BIO4101 Introduction to Biostatistics and Machine Learning

    • Course code
      BIO4101
    • Number of credits
      10
    • Teaching semester
      2024 Autumn
    • Language of instruction
      English
    • Campus
      Hamar
    • Required prerequisite knowledge

      Recommended prior knowledge: basic knowledge of Linux, basic statistics and bioinformatics. 

Course content

Machine Learning (ML) is an umbrella concept to computational algorithms, aiming at solving (large scale) problems without precise instructions on how to find solutions. The different algorithms (e.g., Perceptron, Self-Organizing Maps, Support Vector Machines, Random Forests, Autoencoders, Transformers, etc.) have in common that they can radically upscale otherwise relatively simple statistical or mathematical concepts. It is, however, important to understand the inner workings of ML and to interpret the results according to exactly how the problem is formulated.  A common way to set up ML experiments is to use existing libraries, such as TensorFlow, and configure the algorithms using the Python programming language. Python is thus a necessary tool to perform experiments.     

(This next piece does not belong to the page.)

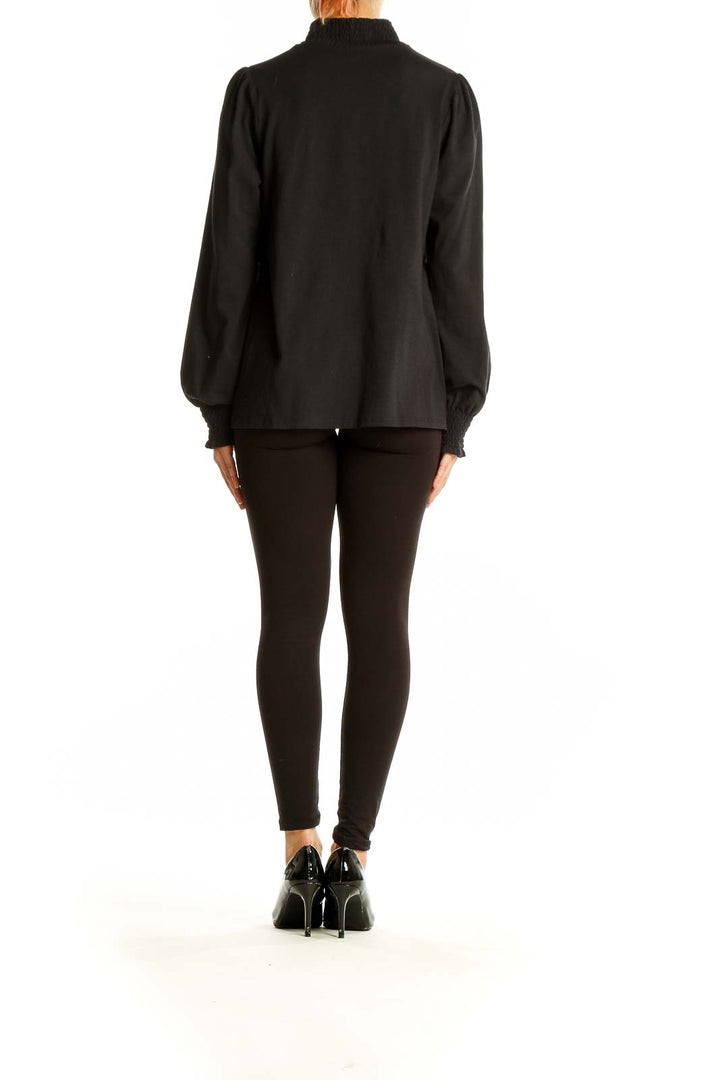 Side view of J.Jill black long-sleeve top showing puffed sleeves and relaxed fit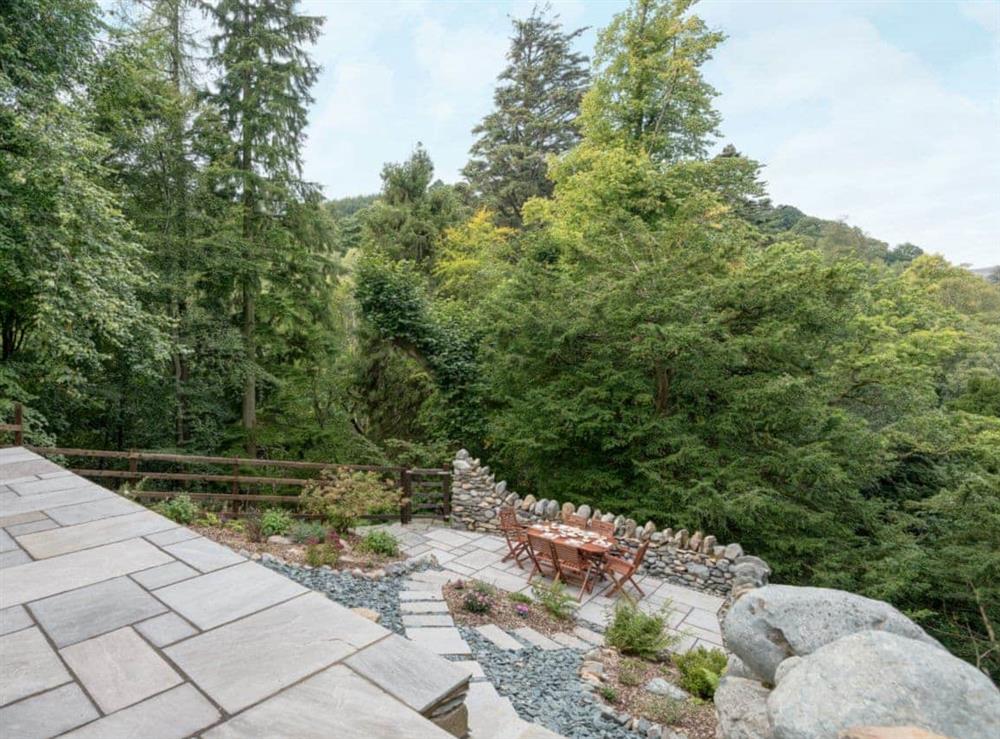Sloping garden with views of the surrounding countryside at Waterfall Wood Cottage in Glenridding, near Keswick, Cumbria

The following topics are covered: 

  • Basic statistical concepts and terminology such as sampling, variation, probability, modeling, inference, etc 
  • Read in data in various file formats such as Excel, comma-separated text, 
  • Data manipulation, graphics, use of the R environment for descriptive and exploratory data analysis. 
  • Null Hypothesis, scientific testing, z-values of the normal distribution, t-distribution and t-tests, multiple testing 
  • Linear models, OLS, logistic regression, residuals, model validation and model selection (multiple regression) 

ML topics covered include: 

  • The Linux/Unix command line shell (refresher) 
  • Basic programmeming concepts  
  • Programmeming in Python 
  • Algorithms in ML and their applications 
  • Using ML libraries in Python 
  • Parsing and loading data 
  • Processing data using ML algorithms 

Learning Outcome

Upon passing the course, students have achieved the following learning outcomes:

Knowledge

Students

  • have an understanding of statistical concepts and terminology, and also syntax and conventions for describing and interpreting statistical models in R. 
  • have knowledge of how to write and run Python scripts. 
  • have thorough knowledge of how to set up different Machine Learning systems using existing ML libraries. 
  • have knowledge of evaluating the results of an ML system. 
  • have knowledge of detecting and avoiding over-fitting and batch effects. 
Skills

Students

  • can apply statistical models and interpret model outcomes and predictions, for example the lm() function for linear regression. 
  • can present statistical results in scientific reports and identify the most important findings. 
  • can use documentation and help texts for R packages that implement statistical methods that they are familiar with. 
  • are able to analyze a problem in bioinformatics, define requirements for data collection, and design ML experiments to test hypotheses.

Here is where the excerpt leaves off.